What this task involves » Retype, please, the listing from its opening line through the line that contains "Danner Pondmaster 2000", both included, without the pictures.

Task inputs »

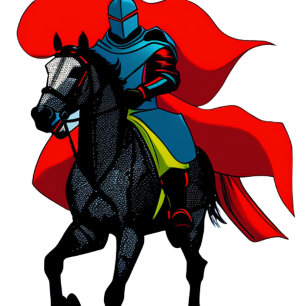 Vibrant Knight T-Shirt Throw Pillow Beverage Coas Coaster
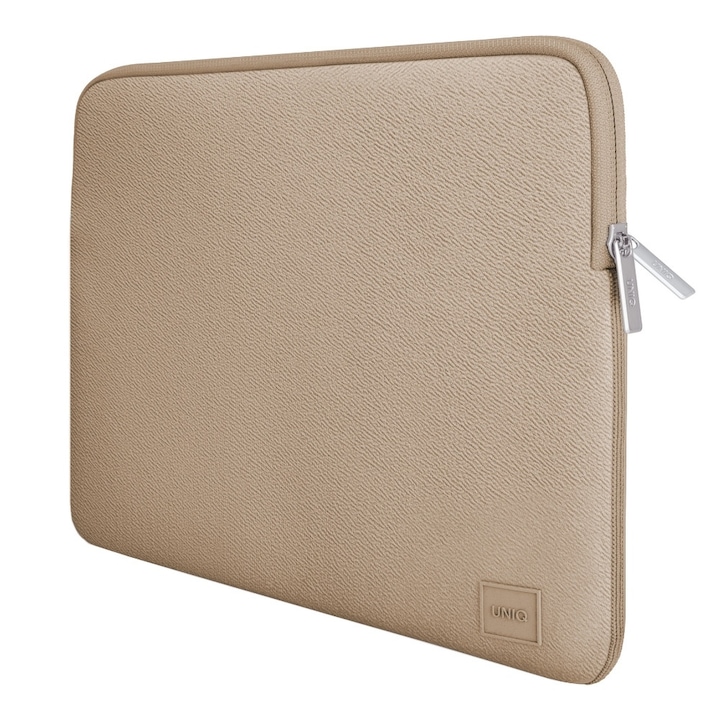 Etui laptop 14" UNIQ, neopren, impermeabil, culoare Nude Brown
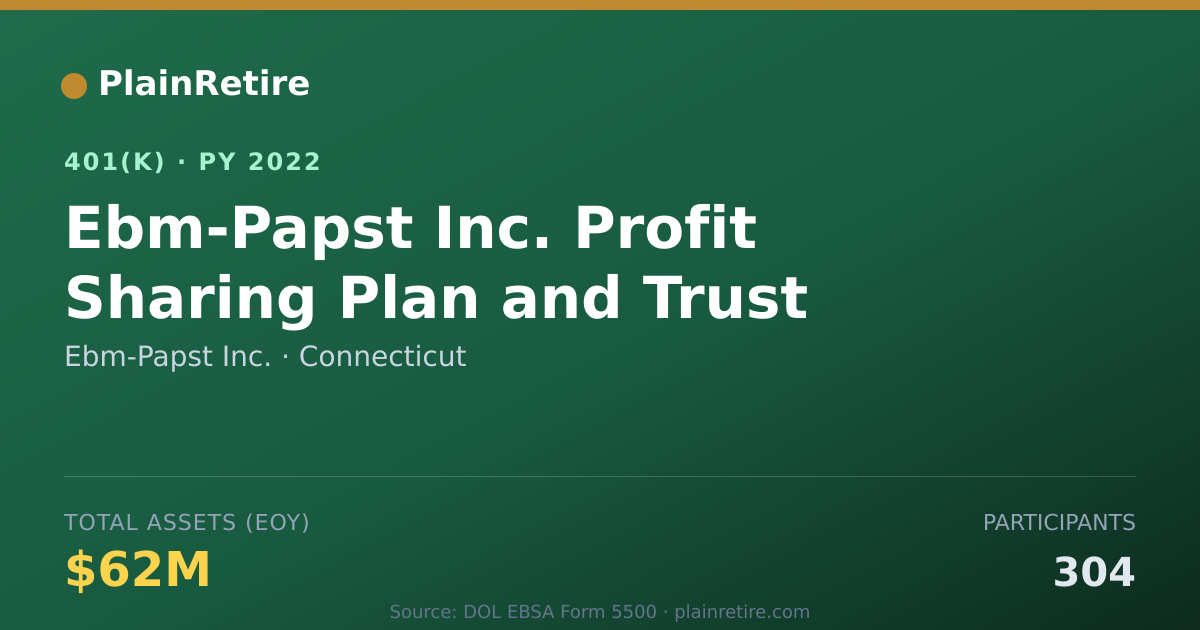 Shareable card for Ebm-Papst Inc. 401(k) Plan (2022)
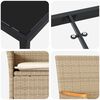 vidaXL Ensemble de salle &agrave; manger pour jardin 7 pcs Beige polyrotin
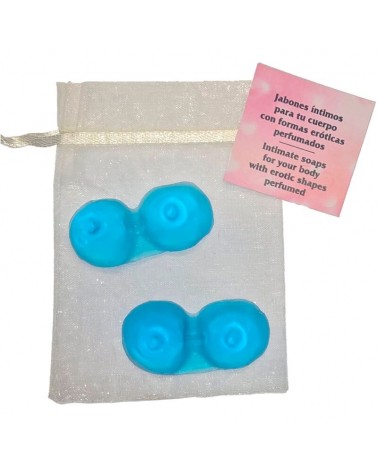 DIABLO PICANTE - SAPONI PROFUMATI A FORMA DI 2 SENI BLU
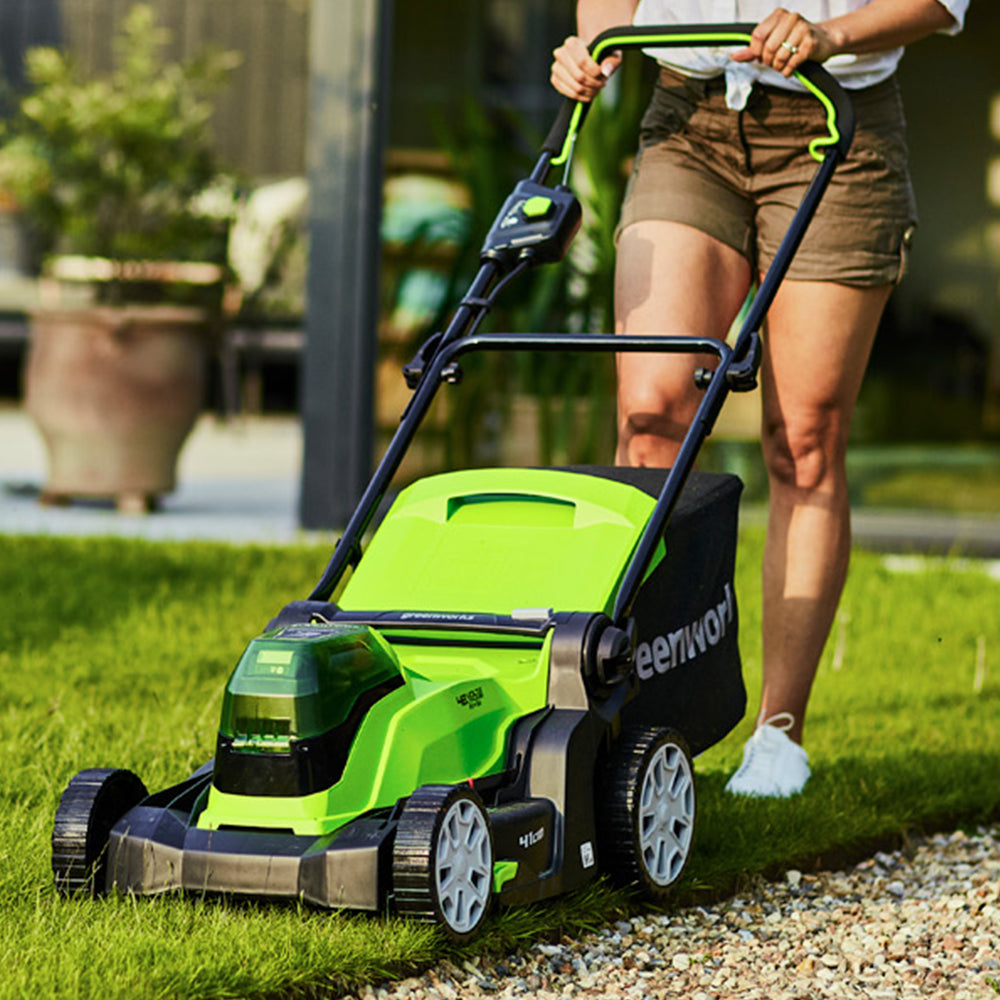 48V (24V x 2) Lawn Mower 41cm - 2x 2Ah Battery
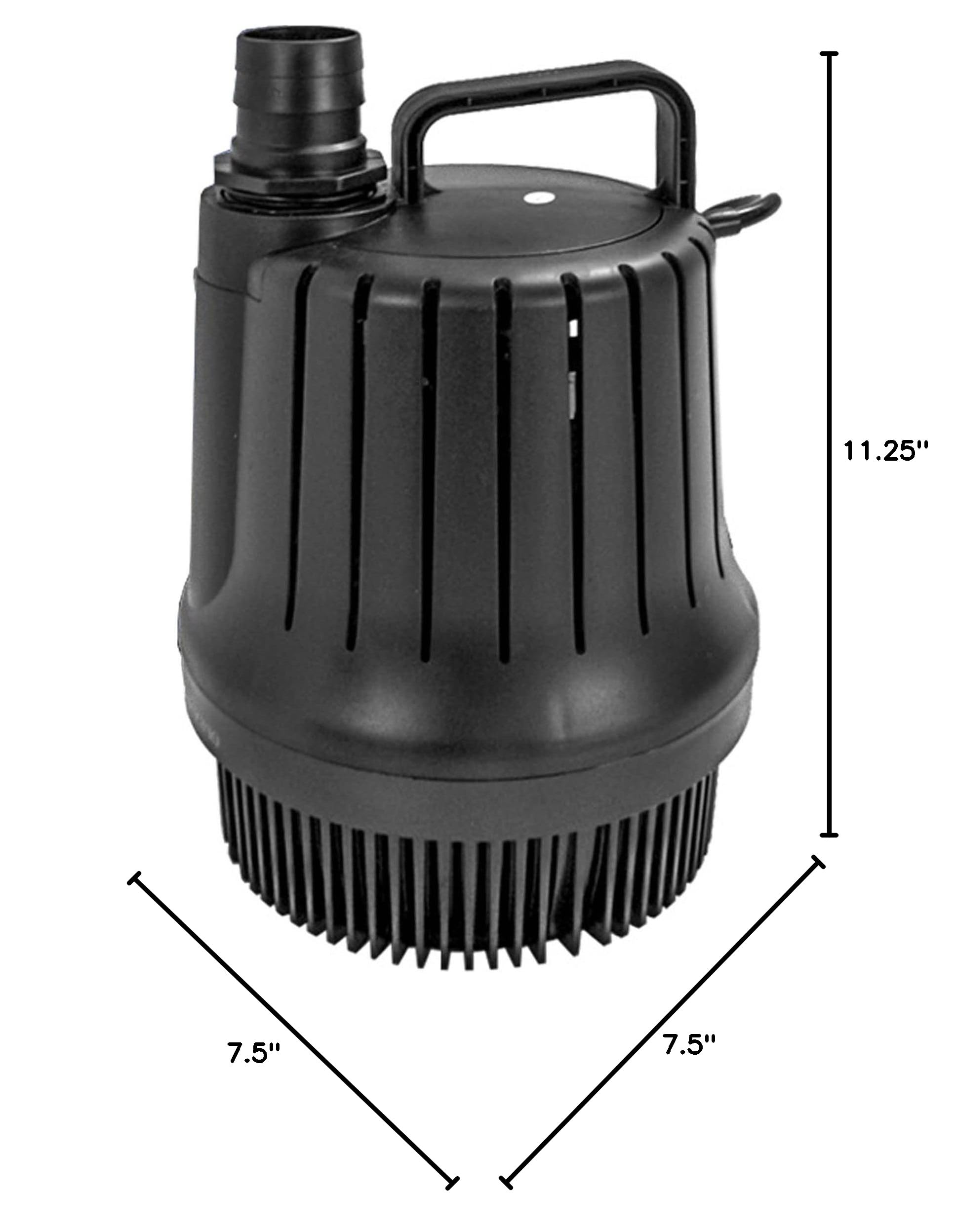 Danner Pondmaster 2000 GPH Waterfall Pump in a pond setting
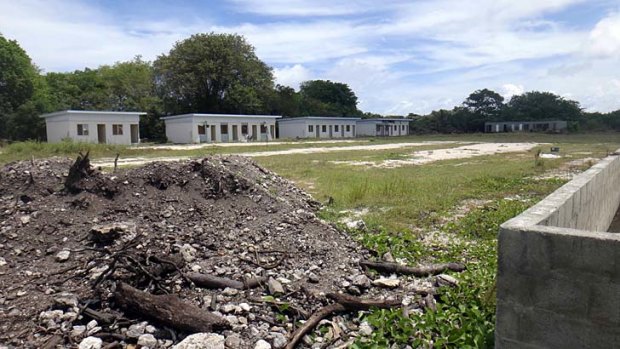 The field in Nauru where tents to house as many as 500 asylum seekers will be built by the end of September.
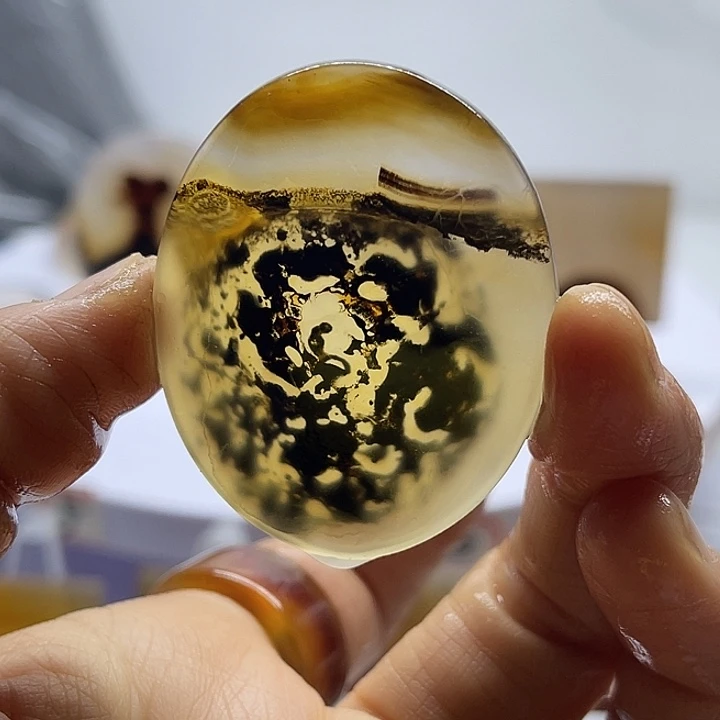 玛瑙/玉髓未镶嵌吊坠(不含链)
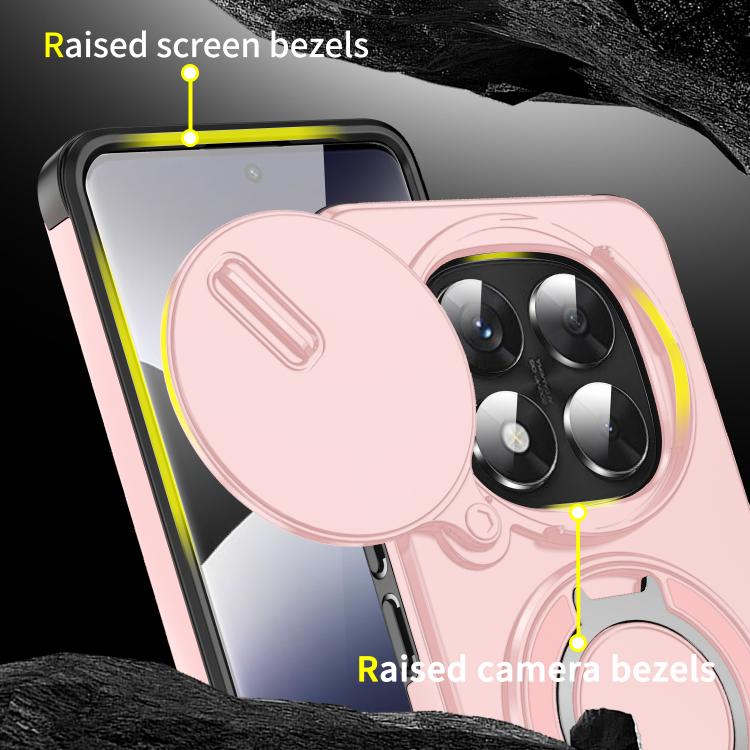 For Redmi Note 14 Pro 5G / 4G Sliding Camshield Ring Holder Phone Case
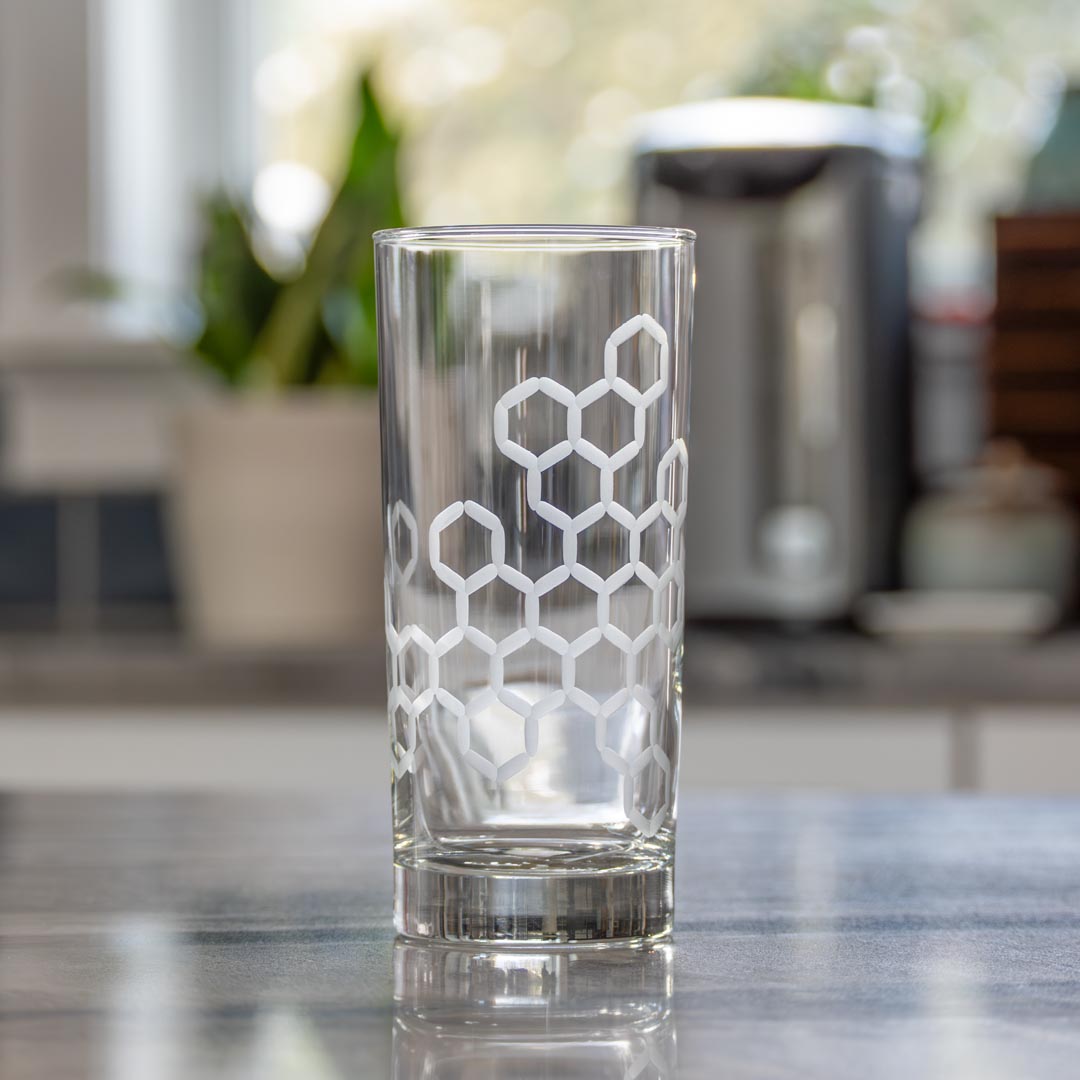 Honeycomb 15oz Cooler Highball Cocktail Glass by Rolf Glass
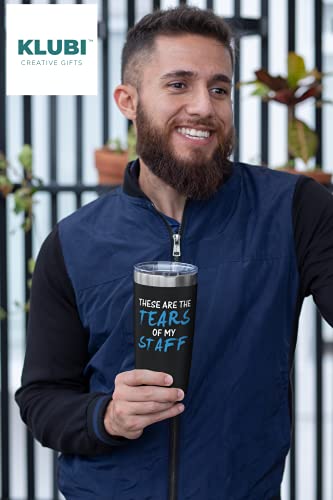 Klubi Boss Gifts Tears Of My Staff Travel Coffee Mug/Tumbler 20Oz - Funny Idea For Worlds Best Boss, Assistant, Men, Man, Women, Him, Birthday, Principal, Female, Bosses Day, Office, From Employees #TOP4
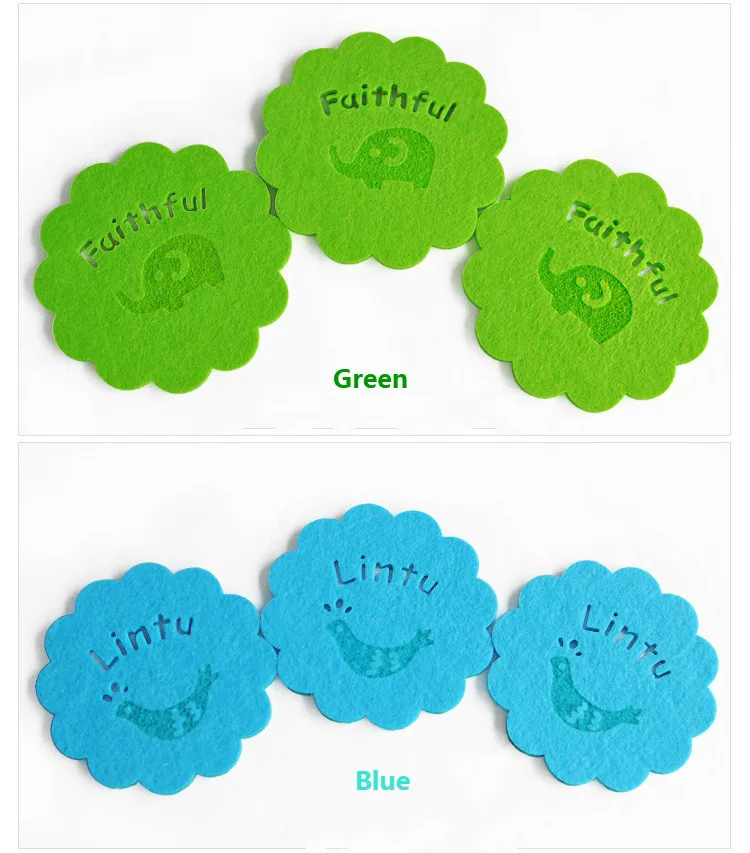 

Wholesale custom felt coaster coaster non-stick coaster table protector drink coffee tea hot juice, home/bar/kitchen, Customized color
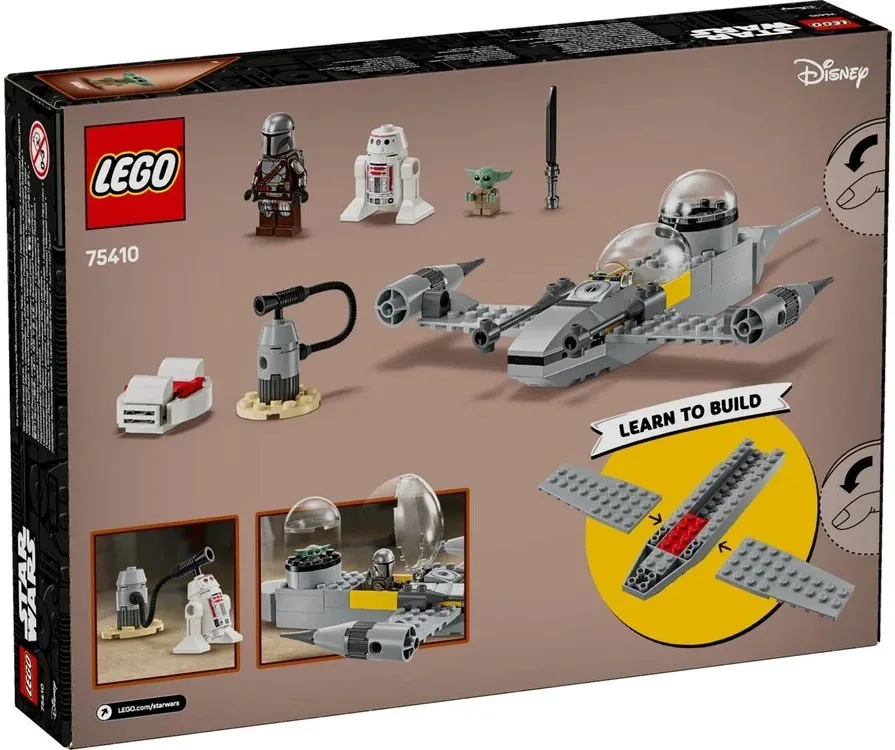 Конструктор LEGO Star Wars Зоряний винищувач N-1 Мандо й Ґроґу (75410) — фото 9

Task result »
 Vibrant Knight T-Shirt Throw Pillow Beverage Coas Coaster
 Etui laptop 14" UNIQ, neopren, impermeabil, culoare Nude Brown
 Shareable card for Ebm-Papst Inc. 401(k) Plan (2022)
 vidaXL Ensemble de salle &agrave; manger pour jardin 7 pcs Beige polyrotin
 DIABLO PICANTE - SAPONI PROFUMATI A FORMA DI 2 SENI BLU
 48V (24V x 2) Lawn Mower 41cm - 2x 2Ah Battery
 Danner Pondmaster 2000 GPH Waterfall Pump in a pond setting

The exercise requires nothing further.